Draw your way through complexity

Imagine trying to assemble an IKEA bookshelf without the instructions.

You open the box to find a mess of wooden panels, screws, and dowels—where do you even start? Now, what if the instructions were just a block of text? No diagrams, no step-by-step visuals—just words.

It doesn’t matter how many HAUGA cabinets you have assembled, that would be an overwhelming experience.

That’s exactly how complexity feels when we rely solely on words to navigate it.

Words can get lost in interpretation. Pictures cut through the ambiguity.

Complexity isn’t linear

Complex problems are rarely linear. Yet, we often try to explain them with long emails, dense reports, or never-ending slide decks filled with bullet points.

The result? Everyone walks away with subtly (or significantly) different interpretations of the same information. It's not that words are wrong, it's just that our brains are wired for something more.

A well-constructed diagram, a system map, or even a rough sketch on the back of a napkin can transform the way we understand complexity.

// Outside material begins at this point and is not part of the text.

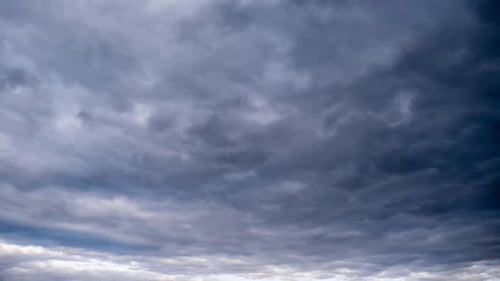 Ominous Clouds Moving Across Gray Sky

Some researchers even argue that all text is ultimately converted into images for mental processing, meaning diagrams essentially shortcut your brain’s workload (Larkin & Simon, Why a Diagram is (Sometimes) Worth a Thousand Words, 1987).

Good visuals reduce ambiguity, accelerate comprehension, and make you smarter.

Visuals reduce complexity

  • They cut through the noise. A dashboard or heatmap can communicate in seconds what would take hours to decipher in a spreadsheet.

  • They create shared understanding. By reducing the potential for misunderstanding, visuals ensure that when people say they’re on the same page, they actually are.

  • They invite collaboration. A blank whiteboard is an invitation to think together. Sketching out ideas externalises them, making it easier to iterate, discuss, and refine solutions collectively.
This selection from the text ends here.